The year had just sucked. I was 33 and desperate to be married. An unwanted breakup had left me brokenhearted, my job as an HR manager meant nothing to me and my Los Angeles apartment had a funky odor that neither I nor the super could identify. One day, as I laid in bed crying, a friend called and asked me to accompany him to New York City. The offer felt like the spark I needed.
My friend had his own accommodations, so I stayed with my brother in Staten Island. Making my way to a girlfriend’s apartment in Brooklyn, I immediately felt energized. The Fort Greene area where she lived was electric, and I could hardly contain my excitement as I walked down the store- and restaurant-lined streets. Brooklyn was a city where walking offered the gift of encounters — maybe even life-changing ones —and I was ready for mine.
An army-fatigue maxi-skirt caught my attention in a store window, and I could see that it would fit my slim figure perfectly. I stepped into the boutique and was greeted by a man with a golden complexion and long locks. His features were strong and masculine — full lips, a large nose and a finely chiseled jaw. To this day, I swear I heard angels sing when he approached.
“You’ll look nice in the skirt," he said. "I designed it with women like you in mind."
I felt the store spin around and white light filled my vision. When it finally subsided, I found us gazing into each other's eyes. James and I exchanged numbers and made plans to meet again for dinner the next evening.

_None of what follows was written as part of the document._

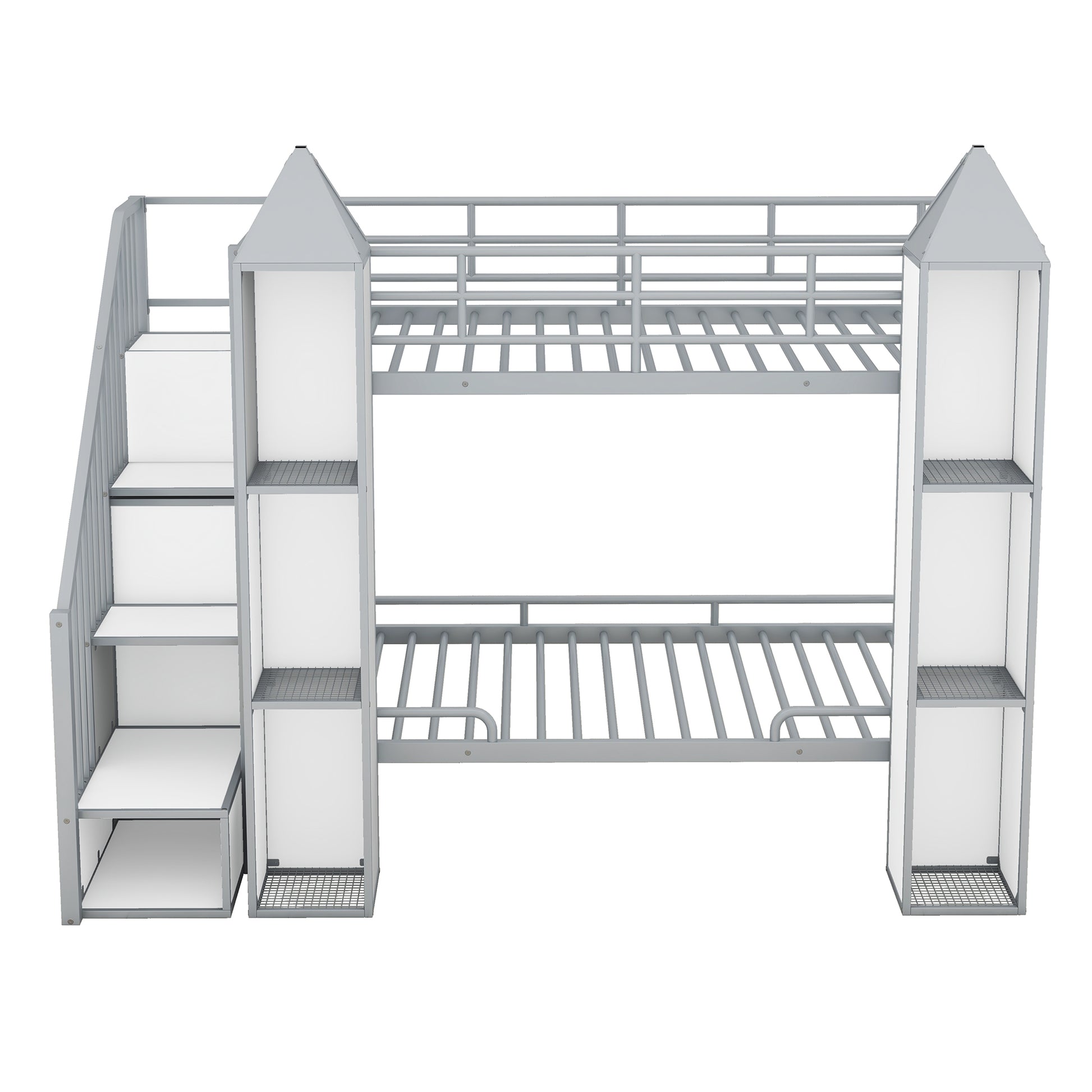 Metal Twin Over Twin Castle Shaped Bunk Bed With Wardrobe And Multiple Storage, Gray White Box Spring Not Required Twin White Gray Metal Bedroom Bunk Metal & Wood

When I returned to Los Angeles a few days later, I decided to move to New York and start a new life. James — handsome and charming, a dream come true — was sure to be my savior.

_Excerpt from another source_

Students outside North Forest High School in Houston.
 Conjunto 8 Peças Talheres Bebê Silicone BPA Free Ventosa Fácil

My brother and his wife readily agreed that I could come and stay with them. They’d been married for more than 20 years and rarely said no if someone needed help. By the time the holidays rolled around, I was shipping off to New York, trusting that the city’s energy (and one of its most attractive residents) would open the door to a new Monique.

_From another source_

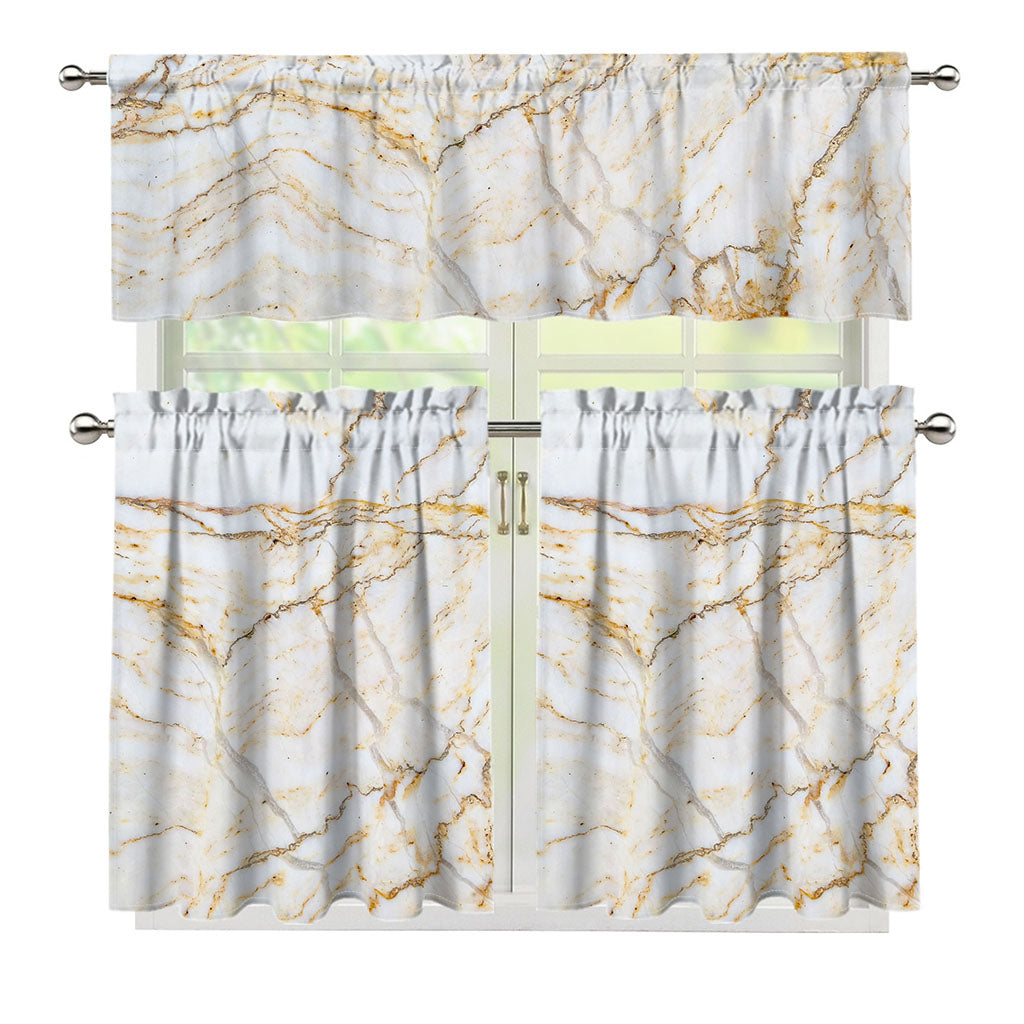 White Brown Grunge Marble Print 3 Piece Kitchen Curtains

Things were immediately not what I had expected. The day after I arrived, I woke to the sound of my sister-in-law packing her things.
“You can take care of him now," she shouted at me. "I’m leaving.”
She left before my brother was home from work. While this event cast a pall on my new adventure, I was still glad to be in the Big Apple. It was almost Christmas and my ferry ride from Staten Island into the city each day felt like a world away from the freeways of Los Angeles. Best of all, the man who’d blinded me with his love light when I first set eyes on him was having a birthday party that weekend.
We met at his home before we headed out to dinner. He had a gorgeous Christmas tree and was dressed in clothing that perfectly reflected his casual but confident attitude. We sat for moment and drank a glass of wine. I was excited and felt special that he had invited me to his celebration this early in our relationship. “Yes,” I thought, “he must be ‘the one.’”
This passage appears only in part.